Dimenticatevi, per il momento, di capolavori come “La Notte Stellata”, “La Camera”, nonché la borghese atmosfera parigina delle sue opere più note, perché la mostra è capace di invadere i sensi dei presenti con un valzer di profumi di lillà e patate, danzanti assieme alle sfumature dorate della campagna di un’Arles ottocentesca, con il sottofondo delle tetre note della depressione e dello squilibrio che affliggevano l’artista.

La mostra si apre con un pezzo da novanta, mettendo in risalto, tramite giochi di luce e ombra, l’unico autoritratto dell’esposizione:

 Non a caso, questo è uno dei lavori più variopinti e memorabili. Già da subito, quindi, il messaggio riecheggia limpido e chiaro: da questo dipinto inizia il viaggio che, sulle tappe di 47 opere provenienti dal Kroller-Müller Museum di Otterlo, vedrà il visitatore ripercorrere quello che fu un periodo di grande ispirazione e fragilità dell’artista olandese, rimarcando ed analizzando il viscerale ed indissolubile legame tra l’uomo e la ruralità.

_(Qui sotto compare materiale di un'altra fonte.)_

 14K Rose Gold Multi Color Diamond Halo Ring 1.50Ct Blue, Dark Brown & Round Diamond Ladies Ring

Entrati, quindi, a piè pari nella retrospettiva ottocentesca targata Van Gogh, vi troverete faccia a faccia con stremati coltivatori di barbabietole, placidi allevatori, pastori e amici d’infanzia del pittore, la cui rappresentazione si distingue per le disarmanti genuinità e sincerità, espresse con quelle nervose pennellate che da sempre costituiscono il tratto distintivo dell’artista. Degne di nota sono poi le nature morte, tramite cui l’arista rende partecipi i presenti in sala di quella che fu la sua vita di tutti i giorni, sbalordendo anche con un semplice cesto di patate.

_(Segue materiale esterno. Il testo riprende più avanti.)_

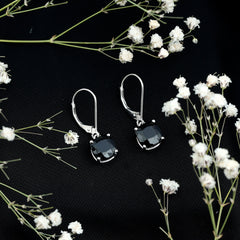 Genuine 8mm Cushion Cut Black Spinel Drop Earrings Lever Back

Personalmente, ho trovato deliziosa la “Natura morta con tavolo da disegno, pipa, cipolle e cera”.

Oltre ad essere stupendamente composta da una variegatissima tavolozza di colori, quest’opera mi ha affascinato per il suo potere di saper catapultare chi l’ammira proprio nello studio di Van Gogh, dietro a quel tavolo disordinato che riassume l’essenziale per il pittore. E’ un po’ come essere ospiti di Van Gogh stesso: i brividi.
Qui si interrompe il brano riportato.